Wine and spirits is another product category attendees will want to check out. Store brand wine and spirits continue to grow in retail stores across the country. There are nearly two dozen suppliers exhibiting this year with innovative flavors, packaging and promotions for organic wines and cabernets, merlots and pinots from Argentina, Australia, Italy, Kosovo, South Africa, Spain, among other countries. You won’t want to miss the canned cocktails, beer, whiskey, and bourbon that are also featured.

We’ve covered a lot, is there anything else you think visitors should know about this year’s show?

I hope everyone will join us on Sunday, 11/13 in the afternoon for the Opening Seminars, on Monday for the Keynote Breakfast and Tuesday for the Retail Trends breakfast. A not to miss area is the Idea Supermarket which includes New Product Expo and Salute to Excellence award winning products.

The trade show floor will be arranged in separate halls of the convention center so that exhibitors can be easily found. The South Hall will be devoted to health and beauty, OTC pharmaceuticals, household goods, kitchenware and general merchandise. Food, snacks, beverages, and refrigerated and frozen foods will be featured in the North, South and Sky Halls.

Finally, in the wake of two successful shows over fewer than six months in what is still a very difficult environment for trade shows, particularly in-person events, what’s next for PLMA? Will you celebrate a bit? And have we seen the end of online programs?

Well, we might all take a few days off and catch our breath, but we have a full plate for 2023.

There will be a place for online events as well as in-person.
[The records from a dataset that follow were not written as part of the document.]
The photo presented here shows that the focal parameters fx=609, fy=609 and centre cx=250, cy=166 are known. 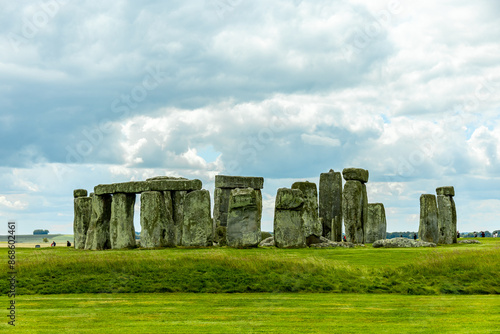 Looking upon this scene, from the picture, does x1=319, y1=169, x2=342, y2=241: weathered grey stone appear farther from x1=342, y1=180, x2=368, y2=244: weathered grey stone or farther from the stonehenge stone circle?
the stonehenge stone circle

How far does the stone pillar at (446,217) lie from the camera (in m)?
30.9

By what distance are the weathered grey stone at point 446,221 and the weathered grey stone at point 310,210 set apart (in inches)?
283

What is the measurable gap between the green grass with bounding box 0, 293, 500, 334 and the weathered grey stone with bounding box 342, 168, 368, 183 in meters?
14.4

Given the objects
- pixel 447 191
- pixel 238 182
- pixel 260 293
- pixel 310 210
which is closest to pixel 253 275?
pixel 260 293

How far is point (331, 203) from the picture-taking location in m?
31.1

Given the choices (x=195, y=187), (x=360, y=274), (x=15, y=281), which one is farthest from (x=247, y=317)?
(x=195, y=187)

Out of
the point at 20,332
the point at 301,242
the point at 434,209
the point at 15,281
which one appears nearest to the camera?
the point at 20,332

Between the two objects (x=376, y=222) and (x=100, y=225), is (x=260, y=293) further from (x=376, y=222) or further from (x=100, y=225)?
(x=376, y=222)

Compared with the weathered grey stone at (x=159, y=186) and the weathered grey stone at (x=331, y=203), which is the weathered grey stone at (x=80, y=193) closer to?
the weathered grey stone at (x=159, y=186)

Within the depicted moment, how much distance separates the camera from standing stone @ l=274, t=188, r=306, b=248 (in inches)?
952

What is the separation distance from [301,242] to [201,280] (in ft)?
29.7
We will be back in-person at our upcoming Annual Meeting and Leadership Conference in March in Orlando, our Lunch and Learn online program will start in January.

Most importantly, we are very grateful to be back to live shows. There is no substitute.

As we approached our first in person show in three years, we’re enthusiastic and cautiously optimistic. We’ve exceeded our expectations with attendance and the sold-out show. I know everyone is looking forward to the social and professional networking that our show provides.